Aim of the task:
The expected output is exactly the lines below, starting at the line with "闲鱼无货源电商，操作简单，月入3W+-星火轻创" and ending at the line with "мефедрон Протвино", both included; no other line belongs in it.

Records for the exercise:
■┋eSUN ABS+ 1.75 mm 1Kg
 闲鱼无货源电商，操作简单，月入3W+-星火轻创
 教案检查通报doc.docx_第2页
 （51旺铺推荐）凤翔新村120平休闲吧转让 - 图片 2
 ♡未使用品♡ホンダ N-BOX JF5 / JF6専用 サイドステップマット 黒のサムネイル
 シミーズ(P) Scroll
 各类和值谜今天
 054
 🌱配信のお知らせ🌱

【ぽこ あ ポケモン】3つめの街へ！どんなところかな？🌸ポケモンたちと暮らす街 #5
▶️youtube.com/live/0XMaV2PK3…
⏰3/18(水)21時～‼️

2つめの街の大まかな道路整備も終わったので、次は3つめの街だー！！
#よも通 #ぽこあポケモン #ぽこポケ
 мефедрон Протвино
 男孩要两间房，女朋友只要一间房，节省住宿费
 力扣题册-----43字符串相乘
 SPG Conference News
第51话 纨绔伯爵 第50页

Completed task:
 闲鱼无货源电商，操作简单，月入3W+-星火轻创
 教案检查通报doc.docx_第2页
 （51旺铺推荐）凤翔新村120平休闲吧转让 - 图片 2
 ♡未使用品♡ホンダ N-BOX JF5 / JF6専用 サイドステップマット 黒のサムネイル
 シミーズ(P) Scroll
 各类和值谜今天
 054
 🌱配信のお知らせ🌱

【ぽこ あ ポケモン】3つめの街へ！どんなところかな？🌸ポケモンたちと暮らす街 #5
▶️youtube.com/live/0XMaV2PK3…
⏰3/18(水)21時～‼️

2つめの街の大まかな道路整備も終わったので、次は3つめの街だー！！
#よも通 #ぽこあポケモン #ぽこポケ
 мефедрон Протвино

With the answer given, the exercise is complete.